The petition in that case is short and merely recites that the then plaintiff (now defendant) is the owner of the tract of land then and here in controversy, describing it, and that defendants (here plaintiffs) claim to have some title, estate or interest in such property adverse to the title of plaintiff. The prayer is “That the court ascertain and determine the estate, title and interest of all the parties hereto respectively in such real estate, and to define and adjudge by its judgment and decree the title and estate of the parties severally in and to such real estate; and plaintiff prays the court to hear and finally determine any and all rights, interests, liens and demands whatsoever of all the parties hereto or of any one of them concerning or affecting said real property and award full and complete relief, whether legal or equitable, to the several parties, and to each of them.”

It is conceded that such case was appealed by both the parties to the Supreme Court and that such proceedings were had therein that the judgment of the trial court was affirmed.
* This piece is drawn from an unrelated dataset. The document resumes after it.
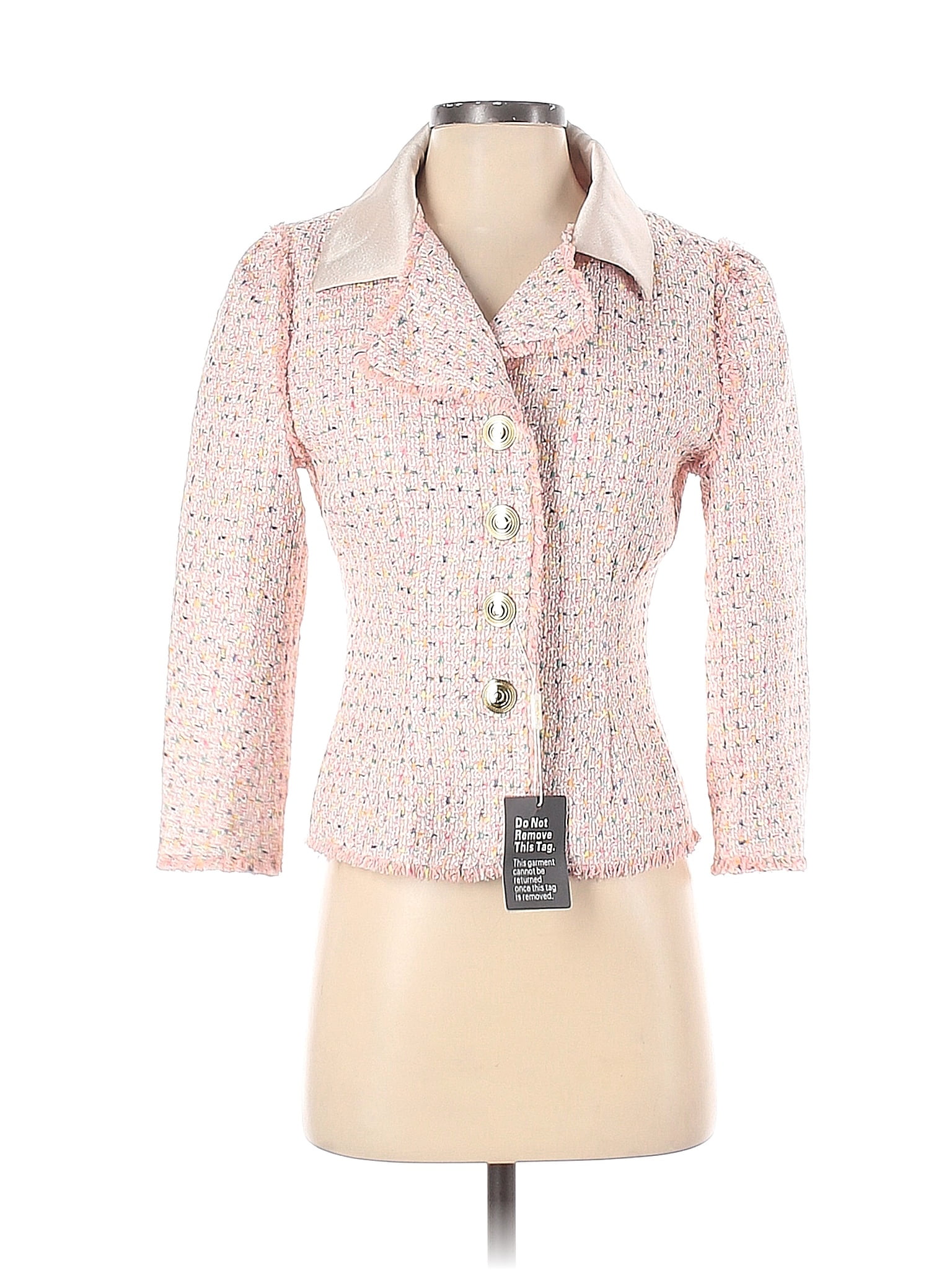 Quaint Pink Jacket Size 34 (EU) 77 off thredUP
In the present case, on proof of such former decree and on proof, the sufficiency of which is not now in question, that the defendant, plaintiff' in that suit, is and has been obstructing the alley or' driveway, the court rendered a decree requiring defendant to remove said obstructions and perpetually enjoining him from further [401]*401obstructing said alley in tbe future, reciting as tbe basis for such decree the said former judgment in the suit to determine title, “Wherein and whereby said court found and decreed that T. C. Love held the legal title to said strip of ground as herein described, subject, however, to the rights of the public as well as the defendants (the defendants in said cause being the plaintiffs in this case) to use said strip of ground perpetually as an alley, and this court now holds and construes such judgment and decree to hold that the plaintiffs in this cause, who were the defendants in the former cause in which judgment was rendered, their heirs and assigns, have the right to use all and every part 'of said strip of ground as above described perpetually as an alley or driveway, and that the title to said strip of ground is in T. C.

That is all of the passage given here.